*What is required:*
Write out the material below again, line for line, without any images.

*Data shown:*
◆ ◆ ◆ ◆ ◆

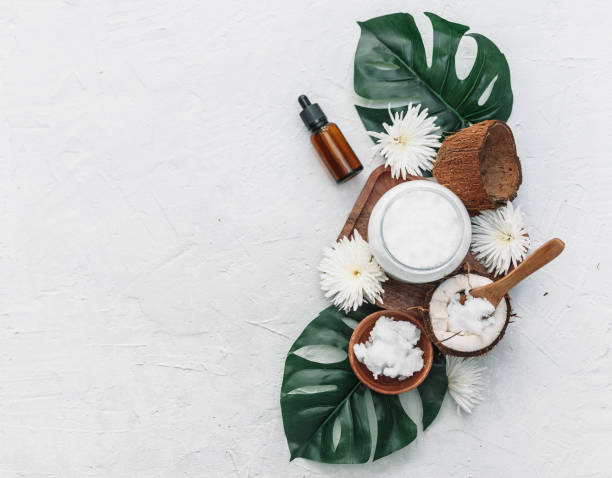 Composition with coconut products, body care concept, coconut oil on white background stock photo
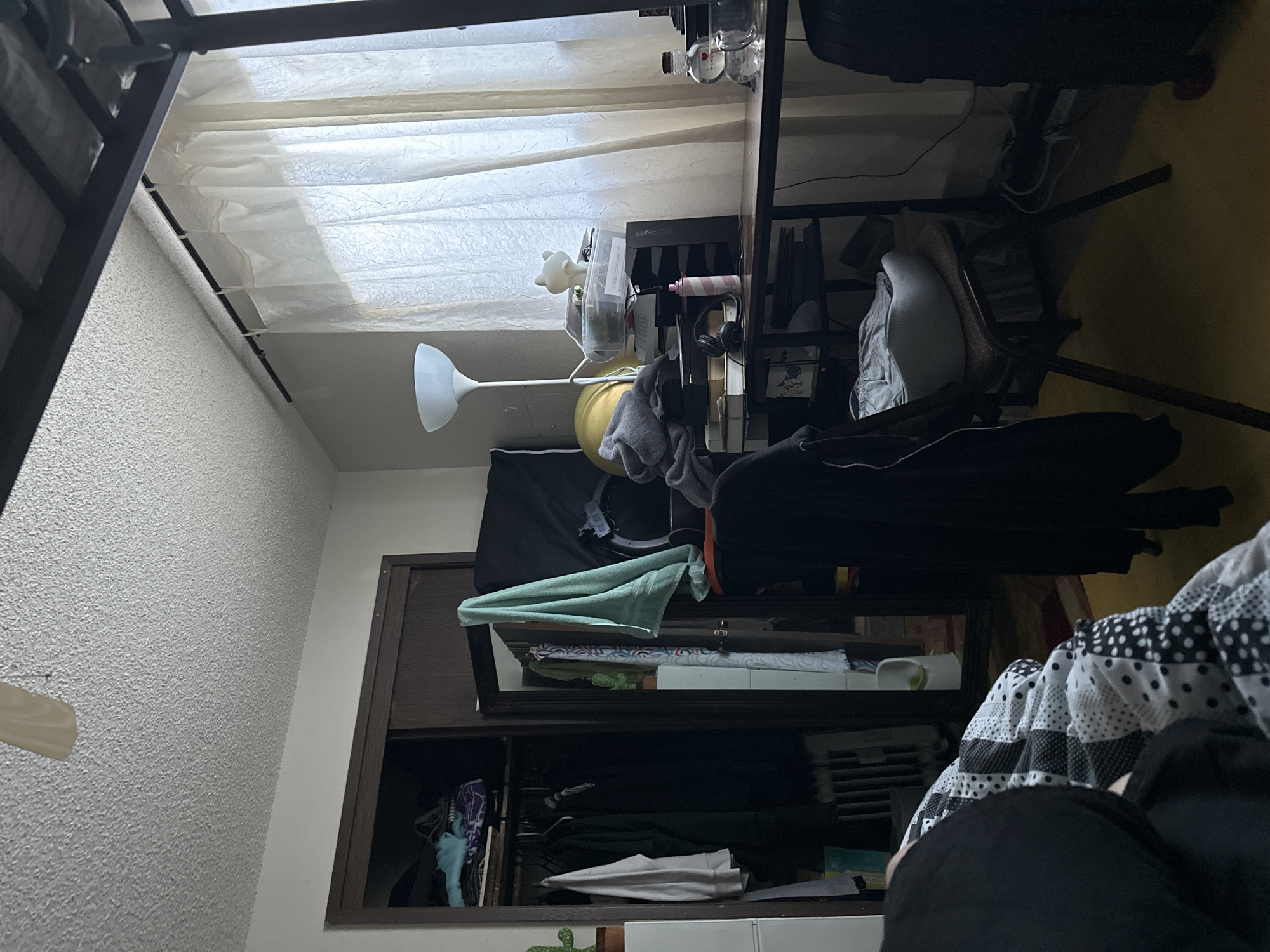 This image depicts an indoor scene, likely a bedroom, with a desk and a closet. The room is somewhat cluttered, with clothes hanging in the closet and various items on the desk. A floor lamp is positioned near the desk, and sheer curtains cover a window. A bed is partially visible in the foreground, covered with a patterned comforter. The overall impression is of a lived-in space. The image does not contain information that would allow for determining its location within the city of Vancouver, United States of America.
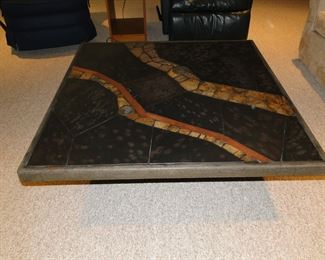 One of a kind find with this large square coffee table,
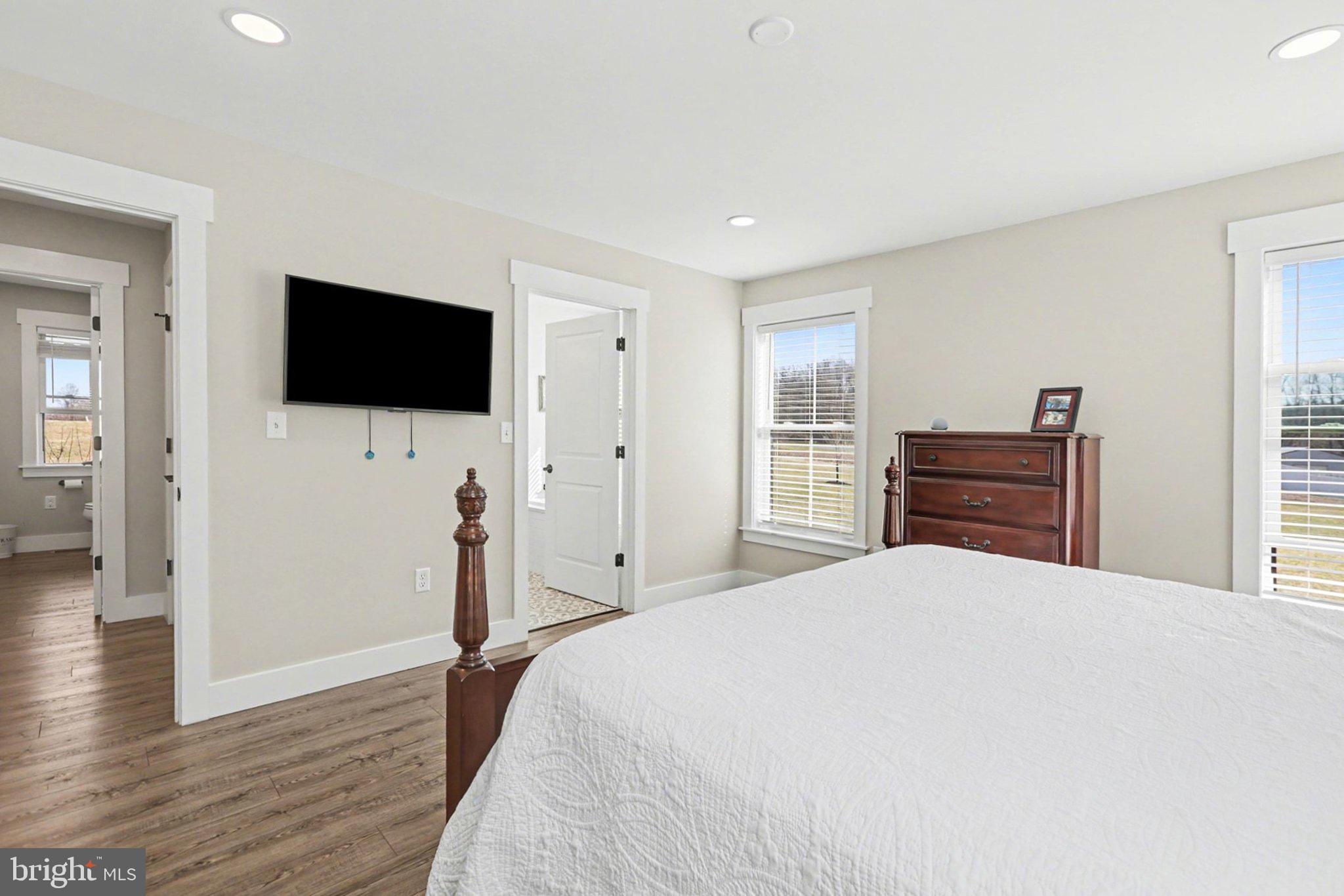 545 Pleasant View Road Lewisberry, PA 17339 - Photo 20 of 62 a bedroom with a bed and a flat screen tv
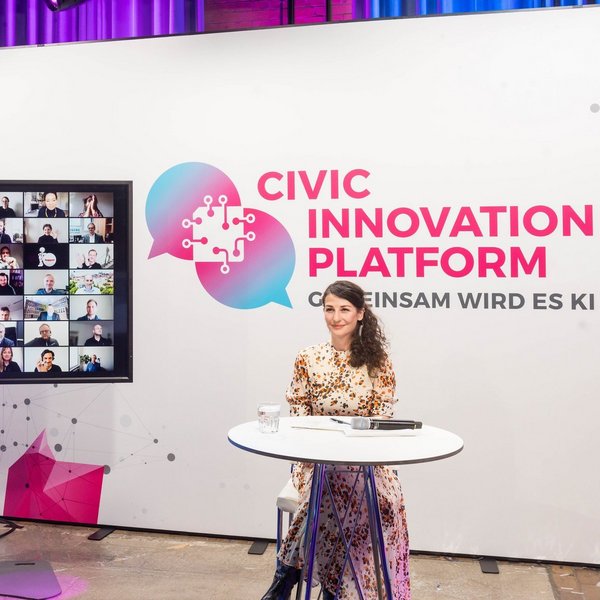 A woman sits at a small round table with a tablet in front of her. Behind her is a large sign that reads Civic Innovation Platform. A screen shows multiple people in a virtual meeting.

◆ ◆ ◆ ◆ ◆

*Answer for the task:*
 Composition with coconut products, body care concept, coconut oil on white background stock photo
 This image depicts an indoor scene, likely a bedroom, with a desk and a closet. The room is somewhat cluttered, with clothes hanging in the closet and various items on the desk. A floor lamp is positioned near the desk, and sheer curtains cover a window. A bed is partially visible in the foreground, covered with a patterned comforter. The overall impression is of a lived-in space. The image does not contain information that would allow for determining its location within the city of Vancouver, United States of America.
 One of a kind find with this large square coffee table,
 545 Pleasant View Road Lewisberry, PA 17339 - Photo 20 of 62 a bedroom with a bed and a flat screen tv
 A woman sits at a small round table with a tablet in front of her. Behind her is a large sign that reads Civic Innovation Platform. A screen shows multiple people in a virtual meeting.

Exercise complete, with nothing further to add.